Apabila melihat dari salah stau hak asasi manusia yang merupakan hak dasar dri manusia sebagai anugerah dri tuhan yang maha esa dimana hak tersebut merupakan kodrat manusia semenjak lahir yaitu mengenai hak untuk hidup yang tercantum dalam pasal 3 deklerasi universal hak asasi manusia yang menyatakn :
: setiap orang berhak atas penghidupan, kemerdekaan, dan keselamatan seseorang”

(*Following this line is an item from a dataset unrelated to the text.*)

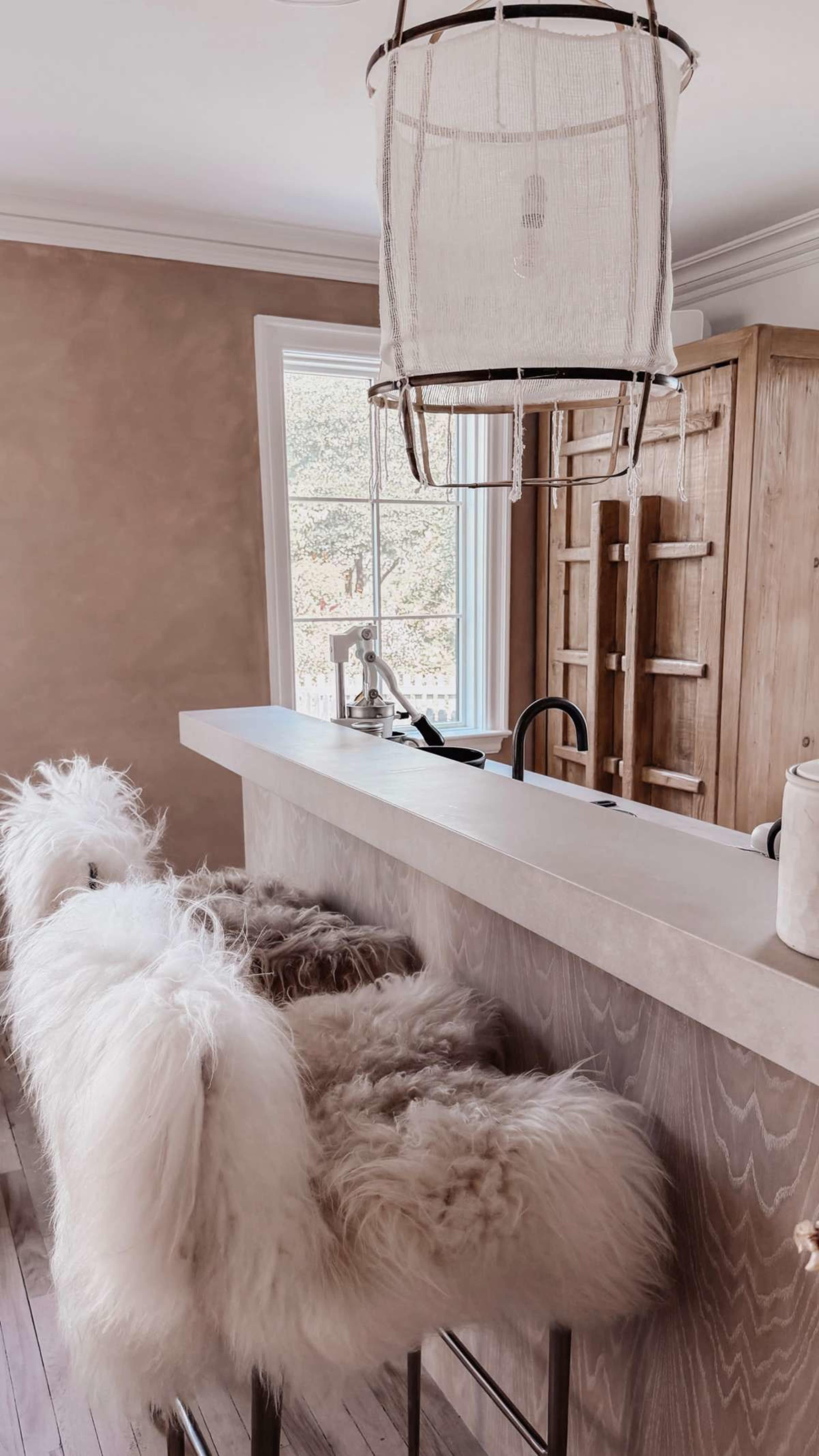 A kitchen bar area features stools with fur coverings and a stylish pendant light above.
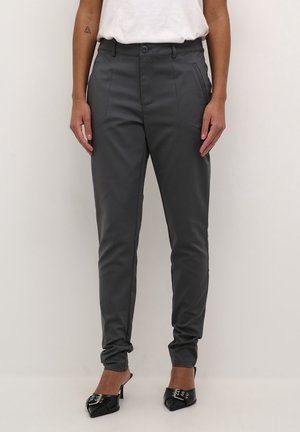 Frau trägt dunkelgraue, maßgeschneiderte Hose, weißes Oberteil und schwarze spitze High Heels mit dekorativen Schnallen, steht vor einem schlichten Hintergrund.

Berdasrkan ketentuan pasal dari deklerasi tersebut maka hak seseorang untuk keselamatan dirinya ( hak un tuk hidup ) tidak dapat dihilangkan dalm keadaan apapun, dan jika kita melihat dari tujuan diproklamirkannya hak asasi manusia tersebut yaitu bahwa seseorang dan badan dalam masyarakat dengan senantiasa mengingatkn pernyataan ini, akan berusaha dengan jalan mengajar dan mendidik untuk mempertinggi penghargaan tehadap hak-hak dan kebebasan-kebebasan ini dan menjalankan tindakan progresif yanag bersipat nasional maupun internasional, menjamin pengakuan dan pelaksanaanya yang umum dan efektif baik oleh bangsa-bangsa dari Negara-negara anggota sendiri maupun oleh bangsa-bangsa dari daerah yang dibawah kekuasaan hukum mereka.[44]
Berdasarkan tujuan dari deklerasi hak asasi manusia tersebut maka dapat dikatakan bahwa tiap-tiap Negara waib untuk menegakkan hak asasi manusia. pernyataan hak asasi manusia ini oleh Negara republic Indonesia diarttifikasi dengan undang-undang No. 39 tahun 1999 tentang hak asasi manusia yang mana termuat dalam pernyataan :
“ setiap orang berhak untuk hidup, mempertahankan hidup dan meningkatkan taraf hidupnya, setiap orang berhak untuk hidup tentram, aman damai, bahagia, sejahtera lahir dan batin. setiap orang berhak atas lingkungan hidup yang baik dan sehat”[45]
ketentuan pasal mengenai hak untuk hidup ini jika kita lihat kepada penjelasan ketentuan ayat 1 pasal diatas menyatakan :
“ setiap orang berhak atas kehidupan, memperthankan kehidupan, dan meningkatkan taraf kehidupannya. hak atas kehidupan ini bahkan juga melekat pada bayi yang belum lahir atau terpidana mati. dalam hal atau keadaan yang sangat luar biasa yaitu demi kepentingan hidup ibunya dalam kasusu aborsi atau berdasarkan keputusan pengadilan dalam kasusu pidana mati dalam hal kondisi tersebut, masih dapat diizinkan. hanya pada dua hal tersebut itulah hak untuk hidup dapat dibatasi.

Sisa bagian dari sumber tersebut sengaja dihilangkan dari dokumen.